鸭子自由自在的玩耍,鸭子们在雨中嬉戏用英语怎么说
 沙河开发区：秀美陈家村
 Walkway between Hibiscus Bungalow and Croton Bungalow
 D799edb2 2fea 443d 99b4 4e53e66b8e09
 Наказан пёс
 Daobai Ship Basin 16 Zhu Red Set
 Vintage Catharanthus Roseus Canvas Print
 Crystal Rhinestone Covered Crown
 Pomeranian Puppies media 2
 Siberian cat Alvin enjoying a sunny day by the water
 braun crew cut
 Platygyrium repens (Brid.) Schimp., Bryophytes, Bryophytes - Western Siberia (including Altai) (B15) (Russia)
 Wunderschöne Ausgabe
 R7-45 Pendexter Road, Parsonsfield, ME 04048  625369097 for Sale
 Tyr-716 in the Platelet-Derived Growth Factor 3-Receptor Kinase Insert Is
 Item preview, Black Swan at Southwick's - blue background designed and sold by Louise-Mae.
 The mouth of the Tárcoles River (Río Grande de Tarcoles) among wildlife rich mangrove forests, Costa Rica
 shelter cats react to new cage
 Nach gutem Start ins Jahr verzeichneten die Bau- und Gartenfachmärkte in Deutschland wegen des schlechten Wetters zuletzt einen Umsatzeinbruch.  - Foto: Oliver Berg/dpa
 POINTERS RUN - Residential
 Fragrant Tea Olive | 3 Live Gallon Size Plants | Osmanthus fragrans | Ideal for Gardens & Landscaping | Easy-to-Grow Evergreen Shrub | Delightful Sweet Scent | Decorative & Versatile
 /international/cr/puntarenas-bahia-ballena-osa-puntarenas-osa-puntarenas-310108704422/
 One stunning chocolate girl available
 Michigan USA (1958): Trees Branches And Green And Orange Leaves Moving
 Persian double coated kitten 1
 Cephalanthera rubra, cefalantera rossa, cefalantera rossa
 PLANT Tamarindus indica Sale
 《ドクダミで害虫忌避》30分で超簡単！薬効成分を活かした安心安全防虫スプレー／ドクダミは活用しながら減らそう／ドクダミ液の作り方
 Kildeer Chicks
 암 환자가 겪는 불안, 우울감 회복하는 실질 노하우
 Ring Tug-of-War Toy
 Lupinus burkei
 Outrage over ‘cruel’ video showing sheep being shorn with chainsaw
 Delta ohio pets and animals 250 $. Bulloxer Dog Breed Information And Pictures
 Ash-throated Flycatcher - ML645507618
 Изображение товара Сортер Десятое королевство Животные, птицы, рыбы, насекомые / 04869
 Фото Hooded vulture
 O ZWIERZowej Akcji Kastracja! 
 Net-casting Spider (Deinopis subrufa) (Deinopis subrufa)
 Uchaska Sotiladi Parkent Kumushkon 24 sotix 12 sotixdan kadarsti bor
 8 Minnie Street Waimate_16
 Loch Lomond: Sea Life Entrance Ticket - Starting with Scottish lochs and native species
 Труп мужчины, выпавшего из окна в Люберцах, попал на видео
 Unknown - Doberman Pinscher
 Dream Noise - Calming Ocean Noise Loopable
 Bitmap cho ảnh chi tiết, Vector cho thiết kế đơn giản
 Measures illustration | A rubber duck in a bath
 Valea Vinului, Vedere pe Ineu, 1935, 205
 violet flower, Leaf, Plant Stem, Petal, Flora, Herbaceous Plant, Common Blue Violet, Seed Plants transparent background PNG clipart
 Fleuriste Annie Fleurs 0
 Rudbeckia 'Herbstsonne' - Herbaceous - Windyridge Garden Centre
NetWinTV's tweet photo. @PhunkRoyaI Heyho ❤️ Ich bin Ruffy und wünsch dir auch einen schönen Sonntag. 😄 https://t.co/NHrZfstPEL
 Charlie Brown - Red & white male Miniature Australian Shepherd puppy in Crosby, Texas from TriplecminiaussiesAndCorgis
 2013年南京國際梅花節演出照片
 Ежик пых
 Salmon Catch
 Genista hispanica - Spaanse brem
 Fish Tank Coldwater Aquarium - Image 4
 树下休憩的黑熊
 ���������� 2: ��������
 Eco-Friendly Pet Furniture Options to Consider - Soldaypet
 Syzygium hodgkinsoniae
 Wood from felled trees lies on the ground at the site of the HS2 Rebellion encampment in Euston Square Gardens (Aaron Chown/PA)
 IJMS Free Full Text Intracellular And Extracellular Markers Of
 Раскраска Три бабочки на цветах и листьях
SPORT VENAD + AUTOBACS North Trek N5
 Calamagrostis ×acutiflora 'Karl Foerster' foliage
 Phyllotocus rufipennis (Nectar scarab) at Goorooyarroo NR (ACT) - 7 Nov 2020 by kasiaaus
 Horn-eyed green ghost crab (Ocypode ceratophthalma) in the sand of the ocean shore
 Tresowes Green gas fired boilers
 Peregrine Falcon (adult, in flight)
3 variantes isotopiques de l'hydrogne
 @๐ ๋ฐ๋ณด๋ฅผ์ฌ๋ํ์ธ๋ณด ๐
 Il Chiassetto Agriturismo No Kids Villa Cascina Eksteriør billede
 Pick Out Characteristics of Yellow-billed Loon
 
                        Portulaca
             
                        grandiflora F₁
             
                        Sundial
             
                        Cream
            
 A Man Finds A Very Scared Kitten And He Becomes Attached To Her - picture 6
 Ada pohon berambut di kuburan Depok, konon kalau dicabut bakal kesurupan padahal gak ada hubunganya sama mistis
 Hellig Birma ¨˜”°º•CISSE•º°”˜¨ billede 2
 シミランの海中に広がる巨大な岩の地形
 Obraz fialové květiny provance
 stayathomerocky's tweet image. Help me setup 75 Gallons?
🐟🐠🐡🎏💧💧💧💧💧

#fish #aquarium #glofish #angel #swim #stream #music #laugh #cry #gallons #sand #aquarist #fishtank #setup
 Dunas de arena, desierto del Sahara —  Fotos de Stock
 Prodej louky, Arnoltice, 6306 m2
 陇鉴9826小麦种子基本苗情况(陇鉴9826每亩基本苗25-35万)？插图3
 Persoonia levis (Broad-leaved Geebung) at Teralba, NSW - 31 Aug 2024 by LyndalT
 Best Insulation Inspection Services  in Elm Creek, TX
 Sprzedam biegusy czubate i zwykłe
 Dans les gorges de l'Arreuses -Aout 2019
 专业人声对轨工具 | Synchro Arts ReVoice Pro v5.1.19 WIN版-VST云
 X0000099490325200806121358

Task objective>
Your answer consists solely of the lines from the top of the records above through the line that contains "Pomeranian Puppies media 2", each echoed exactly.

Problem solution>
鸭子自由自在的玩耍,鸭子们在雨中嬉戏用英语怎么说
 沙河开发区：秀美陈家村
 Walkway between Hibiscus Bungalow and Croton Bungalow
 D799edb2 2fea 443d 99b4 4e53e66b8e09
 Наказан пёс
 Daobai Ship Basin 16 Zhu Red Set
 Vintage Catharanthus Roseus Canvas Print
 Crystal Rhinestone Covered Crown
 Pomeranian Puppies media 2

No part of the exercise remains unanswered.